EXERCISE DETAILS: Retype the data that follows with no alterations, please.

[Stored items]
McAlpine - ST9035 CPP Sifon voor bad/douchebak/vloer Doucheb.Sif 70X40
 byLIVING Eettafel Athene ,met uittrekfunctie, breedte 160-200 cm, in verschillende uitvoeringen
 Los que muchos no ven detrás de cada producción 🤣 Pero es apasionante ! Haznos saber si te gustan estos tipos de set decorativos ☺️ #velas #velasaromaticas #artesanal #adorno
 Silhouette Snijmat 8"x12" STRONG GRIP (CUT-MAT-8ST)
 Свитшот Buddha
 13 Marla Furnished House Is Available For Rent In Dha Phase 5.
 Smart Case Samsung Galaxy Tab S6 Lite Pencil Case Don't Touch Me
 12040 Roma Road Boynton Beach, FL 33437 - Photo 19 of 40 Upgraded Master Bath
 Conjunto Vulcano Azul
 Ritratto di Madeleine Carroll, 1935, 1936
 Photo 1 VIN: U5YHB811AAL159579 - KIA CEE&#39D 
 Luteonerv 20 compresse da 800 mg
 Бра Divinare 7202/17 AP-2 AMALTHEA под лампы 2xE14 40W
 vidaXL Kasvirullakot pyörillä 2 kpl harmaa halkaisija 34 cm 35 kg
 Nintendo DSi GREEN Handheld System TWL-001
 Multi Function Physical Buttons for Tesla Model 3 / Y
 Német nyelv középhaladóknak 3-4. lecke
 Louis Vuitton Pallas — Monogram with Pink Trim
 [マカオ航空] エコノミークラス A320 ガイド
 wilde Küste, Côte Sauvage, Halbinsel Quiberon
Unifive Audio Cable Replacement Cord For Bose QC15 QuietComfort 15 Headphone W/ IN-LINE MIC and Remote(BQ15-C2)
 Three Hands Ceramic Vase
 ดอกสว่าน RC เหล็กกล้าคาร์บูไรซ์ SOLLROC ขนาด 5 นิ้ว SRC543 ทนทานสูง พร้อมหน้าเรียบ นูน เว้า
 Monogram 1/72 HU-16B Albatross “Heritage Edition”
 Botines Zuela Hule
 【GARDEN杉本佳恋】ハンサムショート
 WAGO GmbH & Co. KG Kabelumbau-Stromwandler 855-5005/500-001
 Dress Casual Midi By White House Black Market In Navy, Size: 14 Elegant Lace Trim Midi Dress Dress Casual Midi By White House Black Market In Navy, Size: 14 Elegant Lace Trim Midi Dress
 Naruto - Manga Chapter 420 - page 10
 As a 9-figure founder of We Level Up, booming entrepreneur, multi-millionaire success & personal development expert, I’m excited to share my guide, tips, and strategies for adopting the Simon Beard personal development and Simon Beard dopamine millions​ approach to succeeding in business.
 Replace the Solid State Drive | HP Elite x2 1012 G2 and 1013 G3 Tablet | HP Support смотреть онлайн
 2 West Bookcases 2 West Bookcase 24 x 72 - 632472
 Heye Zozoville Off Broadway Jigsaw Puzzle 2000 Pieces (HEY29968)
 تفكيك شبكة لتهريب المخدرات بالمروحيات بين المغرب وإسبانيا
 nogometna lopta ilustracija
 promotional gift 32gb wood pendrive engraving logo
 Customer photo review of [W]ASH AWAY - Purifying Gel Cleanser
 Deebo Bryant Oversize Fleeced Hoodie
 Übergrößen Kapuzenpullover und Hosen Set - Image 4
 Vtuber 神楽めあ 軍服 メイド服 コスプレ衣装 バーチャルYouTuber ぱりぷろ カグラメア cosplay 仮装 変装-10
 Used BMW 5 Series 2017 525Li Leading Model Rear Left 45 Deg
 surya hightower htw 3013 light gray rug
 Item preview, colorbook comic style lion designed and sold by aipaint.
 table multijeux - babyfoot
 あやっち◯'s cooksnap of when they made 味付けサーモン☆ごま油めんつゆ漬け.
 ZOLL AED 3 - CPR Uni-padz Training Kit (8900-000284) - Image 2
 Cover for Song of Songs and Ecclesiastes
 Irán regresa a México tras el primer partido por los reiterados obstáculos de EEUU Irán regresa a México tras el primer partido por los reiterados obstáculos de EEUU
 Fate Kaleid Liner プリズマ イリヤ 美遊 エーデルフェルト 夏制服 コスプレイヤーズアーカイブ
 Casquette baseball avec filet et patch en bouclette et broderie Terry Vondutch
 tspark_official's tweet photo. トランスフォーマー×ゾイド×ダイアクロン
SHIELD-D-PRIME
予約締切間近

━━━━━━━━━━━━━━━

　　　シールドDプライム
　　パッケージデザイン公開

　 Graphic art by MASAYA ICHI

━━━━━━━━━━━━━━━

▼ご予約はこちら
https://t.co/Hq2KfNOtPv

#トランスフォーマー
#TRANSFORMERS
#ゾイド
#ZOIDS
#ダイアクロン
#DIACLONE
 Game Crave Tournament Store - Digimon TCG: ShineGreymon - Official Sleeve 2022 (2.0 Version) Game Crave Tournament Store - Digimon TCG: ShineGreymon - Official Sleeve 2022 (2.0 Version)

RESPONSE TO THE EXERCISE:
McAlpine - ST9035 CPP Sifon voor bad/douchebak/vloer Doucheb.Sif 70X40
 byLIVING Eettafel Athene ,met uittrekfunctie, breedte 160-200 cm, in verschillende uitvoeringen
 Los que muchos no ven detrás de cada producción 🤣 Pero es apasionante ! Haznos saber si te gustan estos tipos de set decorativos ☺️ #velas #velasaromaticas #artesanal #adorno
 Silhouette Snijmat 8"x12" STRONG GRIP (CUT-MAT-8ST)
 Свитшот Buddha
 13 Marla Furnished House Is Available For Rent In Dha Phase 5.
 Smart Case Samsung Galaxy Tab S6 Lite Pencil Case Don't Touch Me
 12040 Roma Road Boynton Beach, FL 33437 - Photo 19 of 40 Upgraded Master Bath
 Conjunto Vulcano Azul
 Ritratto di Madeleine Carroll, 1935, 1936
 Photo 1 VIN: U5YHB811AAL159579 - KIA CEE&#39D 
 Luteonerv 20 compresse da 800 mg
 Бра Divinare 7202/17 AP-2 AMALTHEA под лампы 2xE14 40W
 vidaXL Kasvirullakot pyörillä 2 kpl harmaa halkaisija 34 cm 35 kg
 Nintendo DSi GREEN Handheld System TWL-001
 Multi Function Physical Buttons for Tesla Model 3 / Y
 Német nyelv középhaladóknak 3-4. lecke
 Louis Vuitton Pallas — Monogram with Pink Trim
 [マカオ航空] エコノミークラス A320 ガイド
 wilde Küste, Côte Sauvage, Halbinsel Quiberon
Unifive Audio Cable Replacement Cord For Bose QC15 QuietComfort 15 Headphone W/ IN-LINE MIC and Remote(BQ15-C2)
 Three Hands Ceramic Vase
 ดอกสว่าน RC เหล็กกล้าคาร์บูไรซ์ SOLLROC ขนาด 5 นิ้ว SRC543 ทนทานสูง พร้อมหน้าเรียบ นูน เว้า
 Monogram 1/72 HU-16B Albatross “Heritage Edition”
 Botines Zuela Hule
 【GARDEN杉本佳恋】ハンサムショート
 WAGO GmbH & Co. KG Kabelumbau-Stromwandler 855-5005/500-001
 Dress Casual Midi By White House Black Market In Navy, Size: 14 Elegant Lace Trim Midi Dress Dress Casual Midi By White House Black Market In Navy, Size: 14 Elegant Lace Trim Midi Dress
 Naruto - Manga Chapter 420 - page 10
 As a 9-figure founder of We Level Up, booming entrepreneur, multi-millionaire success & personal development expert, I’m excited to share my guide, tips, and strategies for adopting the Simon Beard personal development and Simon Beard dopamine millions​ approach to succeeding in business.
 Replace the Solid State Drive | HP Elite x2 1012 G2 and 1013 G3 Tablet | HP Support смотреть онлайн
 2 West Bookcases 2 West Bookcase 24 x 72 - 632472
 Heye Zozoville Off Broadway Jigsaw Puzzle 2000 Pieces (HEY29968)
 تفكيك شبكة لتهريب المخدرات بالمروحيات بين المغرب وإسبانيا
 nogometna lopta ilustracija
 promotional gift 32gb wood pendrive engraving logo
 Customer photo review of [W]ASH AWAY - Purifying Gel Cleanser
 Deebo Bryant Oversize Fleeced Hoodie
 Übergrößen Kapuzenpullover und Hosen Set - Image 4
 Vtuber 神楽めあ 軍服 メイド服 コスプレ衣装 バーチャルYouTuber ぱりぷろ カグラメア cosplay 仮装 変装-10
 Used BMW 5 Series 2017 525Li Leading Model Rear Left 45 Deg
 surya hightower htw 3013 light gray rug
 Item preview, colorbook comic style lion designed and sold by aipaint.
 table multijeux - babyfoot
 あやっち◯'s cooksnap of when they made 味付けサーモン☆ごま油めんつゆ漬け.
 ZOLL AED 3 - CPR Uni-padz Training Kit (8900-000284) - Image 2
 Cover for Song of Songs and Ecclesiastes
 Irán regresa a México tras el primer partido por los reiterados obstáculos de EEUU Irán regresa a México tras el primer partido por los reiterados obstáculos de EEUU
 Fate Kaleid Liner プリズマ イリヤ 美遊 エーデルフェルト 夏制服 コスプレイヤーズアーカイブ
 Casquette baseball avec filet et patch en bouclette et broderie Terry Vondutch
 tspark_official's tweet photo. トランスフォーマー×ゾイド×ダイアクロン
SHIELD-D-PRIME
予約締切間近

━━━━━━━━━━━━━━━

　　　シールドDプライム
　　パッケージデザイン公開

　 Graphic art by MASAYA ICHI

━━━━━━━━━━━━━━━

▼ご予約はこちら
https://t.co/Hq2KfNOtPv

#トランスフォーマー
#TRANSFORMERS
#ゾイド
#ZOIDS
#ダイアクロン
#DIACLONE
 Game Crave Tournament Store - Digimon TCG: ShineGreymon - Official Sleeve 2022 (2.0 Version) Game Crave Tournament Store - Digimon TCG: ShineGreymon - Official Sleeve 2022 (2.0 Version)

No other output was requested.